We will also write \(x=(x_{\alpha})_{\alpha \in A} \in X=\prod_{\alpha \in A}X_{\alpha}\) instead of \(f\), and \(x_{\alpha}\) instead of \(f(\alpha)\).
Set of maps - examples 1/2
Example 1. If \(A=\{1,2,\ldots,n\}\), then \[\begin{aligned} X&=\prod_{j=1}^n X_j=X_1 \times X_2 \times \ldots \times X_n\\&=\{(x_1,x_2,\ldots,x_n)\;:\; x_j \in X_j \text{ for all }j=1,2,\ldots,n\}. \end{aligned}\]
Example 2. If \(A=\mathbb{N}\), then \[\begin{aligned} X&=\prod_{j=1}^\infty X_j=X_1 \times X_2 \times \ldots=\{(x_1,x_2,\ldots)\;:\; x_j \in X_j \text{ for all }j=1,2,\ldots\}. \end{aligned}\]

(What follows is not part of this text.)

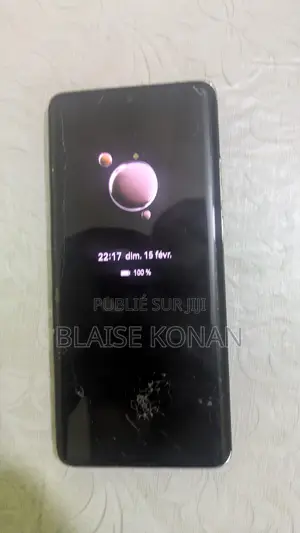 Huawei P50 Pro 256 GB Doré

Set of maps - examples 2/2
Example 3. If the sets \(X_{\alpha}\) are all equal to some fixed set \(Y\), we denote \[X=\prod_{\alpha \in A}X_{\alpha}=Y^A.\]
\(Y^{A}\)-the set of all mappings from \(A\) to \(Y\).

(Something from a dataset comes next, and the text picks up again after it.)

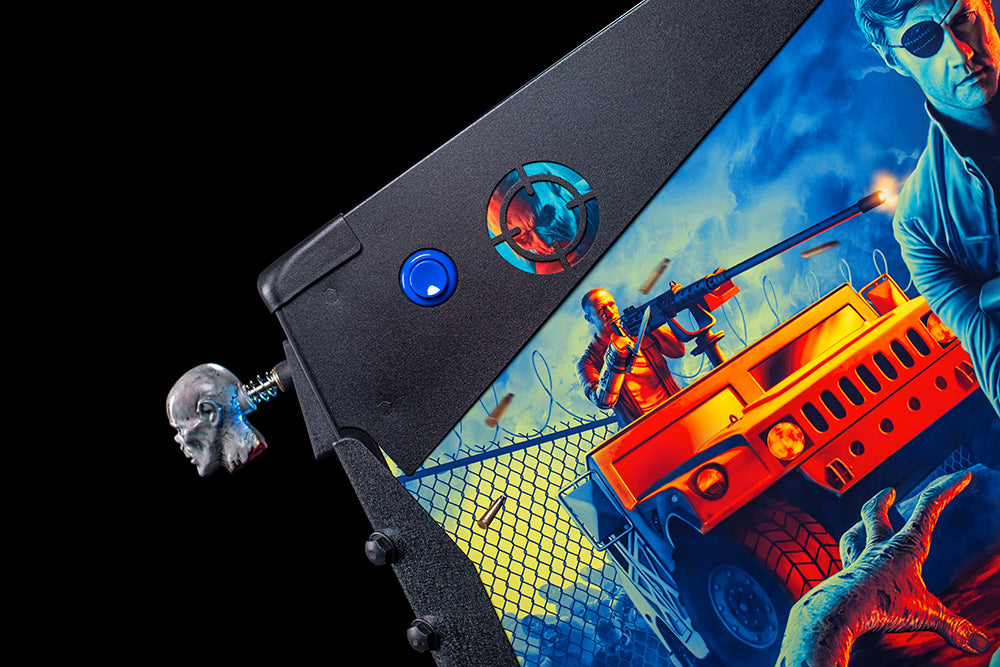 The Walking Dead (Remastered) Shooter Knob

Example 4. \(\mathbb{Z}^{\mathbb{N}}\) - the set of all
sequences of integers.
\(\mathbb{R}^{\mathbb{N}}\) - the set
of all sequences of real numbers.
The axiom of choice
The axiom of choice. If \((X_{\alpha})_{\alpha \in A}\) is a nonempty collection of nonempty sets, then \[\prod_{\alpha \in A}X_{\alpha} \neq \varnothing.\]

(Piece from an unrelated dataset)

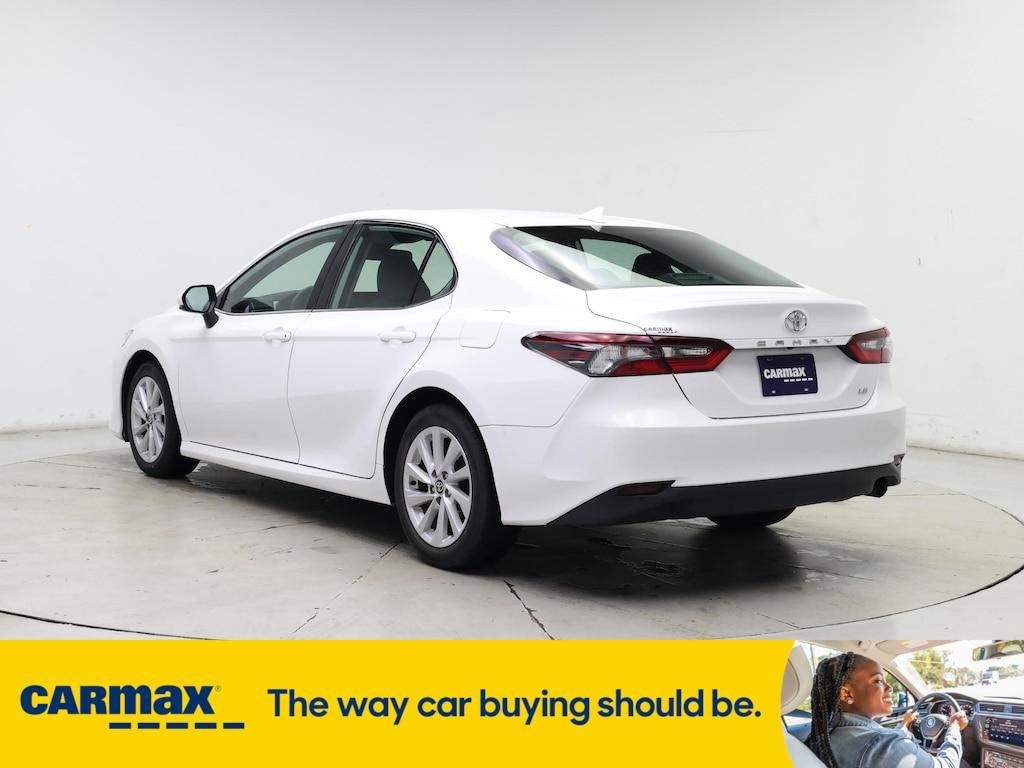 used 2022 Toyota Camry car, priced at $21,998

Corollary. If \((X_{\alpha})_{\alpha \in A}\) is a disjoint collection of nonempty sets there is a set (called the selector) \(Y \subseteq \bigcup_{\alpha \in A}X_{\alpha}\) such that \(Y \cap X_{\alpha}\) contains precisely one element for each \(\alpha \in A\).
Take \(f \in \prod_{\alpha \in A}X_{\alpha} \neq \varnothing\). Define \[Y=f[A],\] then
\[Y \cap X_{\alpha}=\{f(\alpha)\},\] since \(f(\alpha) \in X_{\alpha}\).$$\tag*{$\blacksquare$}$$
Cardinality
Cardinality
Cardinality. If \(X\) and \(Y\) are nonempty sets, we define the expressions \[{\rm card\;}(X) \leq {\rm card\;}(Y) \ \ \text{ {\color{red}(injective)}},\] \[{\rm card\;}(X) = {\rm card\;}(Y)\ \ \text{ {\color{red}(bijective)}},\] \[{\rm card\;}(X) \geq {\rm card\;}(Y) \ \ \text{ {\color{red}(surjective)}},\]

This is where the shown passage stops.